Ces travailleuses participent pourtant à la production d’une même ressource collective dont nous ne saurions nous passer. À force d’infliger à ces travailleuses réputées endurantes des réductions de moyens alors que la demande croît, ça ne marche plus : la Suisse est déjà actuellement confrontée à une grave pénurie et des risques très importants se font ressentir pour la qualité des soins.

Or, la nature même des soins rend les emplois dans la santé non seulement indispensables, mais aussi non délocalisables et peu automatisables, car ils exigent un contact humain prolongé ou une attention particulière portée à chaque cas. Revaloriser cette profession mal payée et mal considérée est donc une chance pour notre système de santé, mais aussi pour l’économie de notre pays.

Face à ces faits, les Vert·e·s considèrent comme cruciale la demande des infirmières et ont depuis le début du processus lié à l’initiative “Pour des soins infirmiers forts” soutenu les revendications de ces professionnelles de la santé. Ils soutiennent également le contre-projet indirect, car il est indispensable de mettre en œuvre rapidement des mesures afin de lutter avec efficacité contre la pénurie de personnel soignant qualifié. 

Dans ce sens, les Vert·e·s considèrent que la Commission a agi, sur le principe, avec raison : le contre-projet permettra de former plus de praticien·ne·s et de reconnaître en partie les compétences issues de la formation qui leur est dispensée.
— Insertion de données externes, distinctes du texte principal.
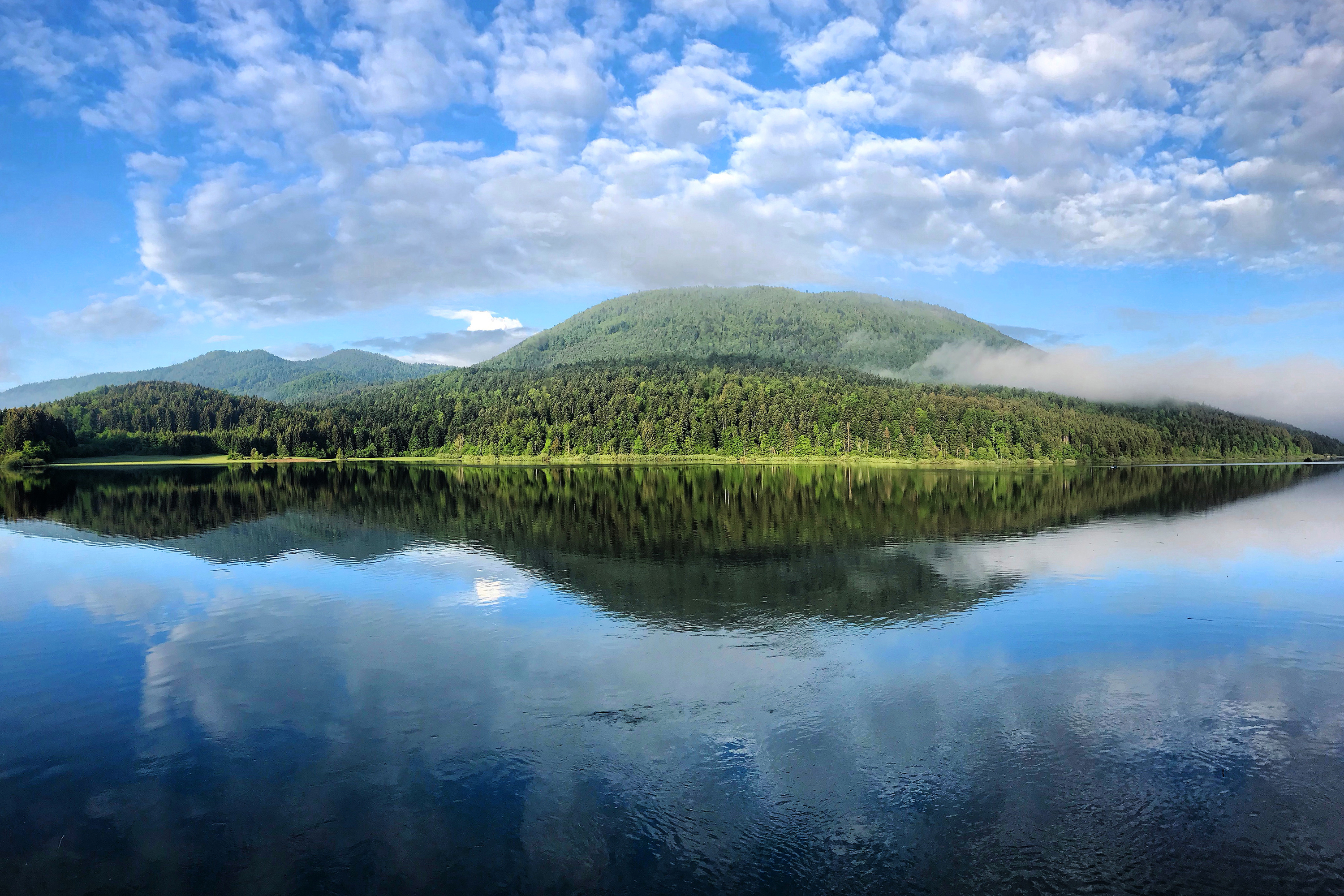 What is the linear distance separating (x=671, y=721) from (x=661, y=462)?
159383 millimetres

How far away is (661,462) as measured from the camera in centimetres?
17638

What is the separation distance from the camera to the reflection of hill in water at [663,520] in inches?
1226

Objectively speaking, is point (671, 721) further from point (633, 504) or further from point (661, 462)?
point (661, 462)

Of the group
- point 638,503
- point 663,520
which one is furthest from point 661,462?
point 663,520

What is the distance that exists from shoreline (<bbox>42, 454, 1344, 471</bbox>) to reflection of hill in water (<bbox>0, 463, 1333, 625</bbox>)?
4696 centimetres

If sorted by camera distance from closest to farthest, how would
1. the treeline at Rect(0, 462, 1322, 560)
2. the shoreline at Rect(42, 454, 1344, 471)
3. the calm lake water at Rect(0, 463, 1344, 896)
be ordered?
1. the calm lake water at Rect(0, 463, 1344, 896)
2. the treeline at Rect(0, 462, 1322, 560)
3. the shoreline at Rect(42, 454, 1344, 471)

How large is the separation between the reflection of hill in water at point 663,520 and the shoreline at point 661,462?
4696cm

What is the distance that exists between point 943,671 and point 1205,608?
53.7 feet

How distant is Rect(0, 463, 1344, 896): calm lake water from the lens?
39.0ft

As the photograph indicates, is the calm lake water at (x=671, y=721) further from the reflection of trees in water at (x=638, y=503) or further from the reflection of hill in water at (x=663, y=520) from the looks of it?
the reflection of trees in water at (x=638, y=503)

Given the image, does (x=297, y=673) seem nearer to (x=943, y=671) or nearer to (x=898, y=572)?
(x=943, y=671)

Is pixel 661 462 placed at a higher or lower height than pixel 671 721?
higher

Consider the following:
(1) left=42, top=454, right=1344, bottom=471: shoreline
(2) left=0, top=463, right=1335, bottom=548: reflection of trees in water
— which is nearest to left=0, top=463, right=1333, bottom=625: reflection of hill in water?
(2) left=0, top=463, right=1335, bottom=548: reflection of trees in water

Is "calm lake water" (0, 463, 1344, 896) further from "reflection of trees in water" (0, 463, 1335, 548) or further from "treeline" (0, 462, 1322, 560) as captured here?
"reflection of trees in water" (0, 463, 1335, 548) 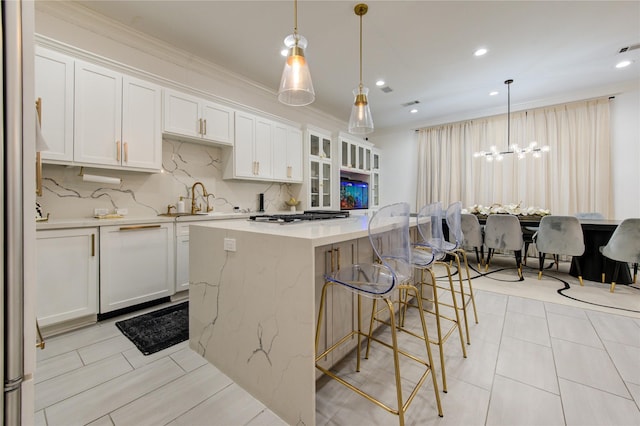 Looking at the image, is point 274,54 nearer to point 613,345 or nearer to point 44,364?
point 44,364

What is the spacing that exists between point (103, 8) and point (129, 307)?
2769mm

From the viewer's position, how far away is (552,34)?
277 cm

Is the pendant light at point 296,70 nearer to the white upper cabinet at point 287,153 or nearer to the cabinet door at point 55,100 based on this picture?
the cabinet door at point 55,100

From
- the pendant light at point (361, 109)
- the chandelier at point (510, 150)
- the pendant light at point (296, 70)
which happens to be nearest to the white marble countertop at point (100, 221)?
the pendant light at point (296, 70)

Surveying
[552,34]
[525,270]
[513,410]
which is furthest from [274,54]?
[525,270]

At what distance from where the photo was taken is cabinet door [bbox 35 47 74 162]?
6.65ft

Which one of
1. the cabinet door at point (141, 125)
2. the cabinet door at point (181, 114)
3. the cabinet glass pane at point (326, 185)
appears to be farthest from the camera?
the cabinet glass pane at point (326, 185)

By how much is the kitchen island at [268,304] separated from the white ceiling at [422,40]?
2.21 metres

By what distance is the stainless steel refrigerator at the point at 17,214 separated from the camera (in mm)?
507

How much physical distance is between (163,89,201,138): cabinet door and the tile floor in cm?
202

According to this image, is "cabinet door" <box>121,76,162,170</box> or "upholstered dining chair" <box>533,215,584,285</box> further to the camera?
"upholstered dining chair" <box>533,215,584,285</box>

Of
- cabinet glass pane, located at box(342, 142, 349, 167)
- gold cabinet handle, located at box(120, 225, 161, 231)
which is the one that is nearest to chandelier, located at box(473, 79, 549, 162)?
cabinet glass pane, located at box(342, 142, 349, 167)

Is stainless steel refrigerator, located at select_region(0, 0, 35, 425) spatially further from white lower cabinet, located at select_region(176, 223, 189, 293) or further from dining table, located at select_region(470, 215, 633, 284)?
dining table, located at select_region(470, 215, 633, 284)

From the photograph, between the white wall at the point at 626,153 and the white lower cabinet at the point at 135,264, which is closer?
the white lower cabinet at the point at 135,264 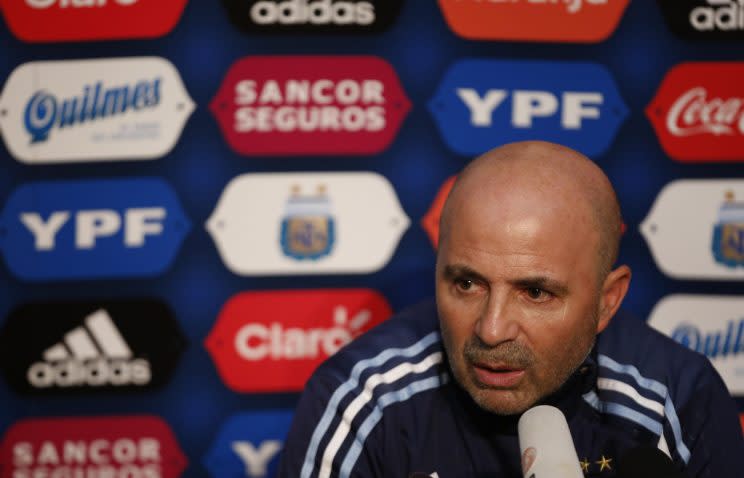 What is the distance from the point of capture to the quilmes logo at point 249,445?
1.56 meters

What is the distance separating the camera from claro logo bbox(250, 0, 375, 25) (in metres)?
1.48

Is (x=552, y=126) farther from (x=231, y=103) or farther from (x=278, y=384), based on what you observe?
(x=278, y=384)

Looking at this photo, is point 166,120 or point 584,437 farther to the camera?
point 166,120

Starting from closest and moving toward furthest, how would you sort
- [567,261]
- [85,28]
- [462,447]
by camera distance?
[567,261]
[462,447]
[85,28]

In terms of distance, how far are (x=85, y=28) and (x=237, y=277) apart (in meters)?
0.59

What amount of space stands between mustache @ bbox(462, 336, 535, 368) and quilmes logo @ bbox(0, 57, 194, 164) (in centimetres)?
89

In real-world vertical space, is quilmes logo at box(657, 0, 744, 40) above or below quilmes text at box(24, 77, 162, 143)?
below

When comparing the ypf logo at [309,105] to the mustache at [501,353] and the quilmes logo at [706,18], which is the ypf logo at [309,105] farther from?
the mustache at [501,353]

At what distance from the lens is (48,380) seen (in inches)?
60.6

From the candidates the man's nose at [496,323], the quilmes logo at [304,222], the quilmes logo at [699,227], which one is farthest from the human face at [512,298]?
the quilmes logo at [699,227]

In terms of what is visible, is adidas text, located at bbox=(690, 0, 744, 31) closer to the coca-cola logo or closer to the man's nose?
the coca-cola logo

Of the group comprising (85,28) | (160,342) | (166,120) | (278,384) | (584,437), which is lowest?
(278,384)

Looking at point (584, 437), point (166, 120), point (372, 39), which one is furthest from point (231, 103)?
point (584, 437)

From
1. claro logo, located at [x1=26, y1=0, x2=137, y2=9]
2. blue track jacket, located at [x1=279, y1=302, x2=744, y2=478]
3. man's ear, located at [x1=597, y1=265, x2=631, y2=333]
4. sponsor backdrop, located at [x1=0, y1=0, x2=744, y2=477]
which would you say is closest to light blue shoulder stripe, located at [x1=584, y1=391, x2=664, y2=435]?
blue track jacket, located at [x1=279, y1=302, x2=744, y2=478]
Cependant, il ne répond pas de manière satisfaisante aux demandes de l’initiative pour des soins infirmiers forts.

Il est en effet indispensable de fixer un nombre maximum de patient·e·s soigné·e·s par infirmière pour augmenter la qualité des soins fournis et surtout garantir un cadre professionnel décent. 

Ainsi, le personnel pourra mieux répondre aux besoins des patient·e·s. Au lieu de chercher à augmenter sans cesse le nombre de patient·e·s par infirmière, les établissements devraient embaucher de nouvelles soignantes de manière à garantir la même qualité de soins à toutes et tous.

Des mesures doivent aussi être prises pour garantir un environnement de travail qui permettent aux infirmières de travailler dans de bonnes conditions grâce notamment à une meilleure compatibilité du travail avec la famille mais aussi une planification fiable des horaires et des services.

Valoriser leurs compétences par un catalogue de prestations indépendant et la reconnaissance automatique de leur travail par les assurances maladie n’est qu’une question de bon sens sanitaire, mais aussi économique. Protéger ces travailleuses par une CCT ne serait que les intégrer à un modèle de partenariat social habituellement vanté par tous les milieux, patronaux comme syndicaux, afin de garantir une sécurité du travail leur donnant envie de poursuivre leur carrière.

Au cœur du conflit entre les besoins collectifs et l’exigence de profit, les infirmières devraient voir leurs revendications écoutées sérieusement. De bonnes conditions de travail dans les soins sont dans l’intérêt des personnes travaillant dans la branche certes, mais aussi de toutes celles et ceux qui auront besoin à un moment ou à un autre de soins : le groupe des Vert·e·s appelle ce Parlement à améliorer son contre-projet, mais surtout à soutenir l’initiative pour des soins infirmiers forts.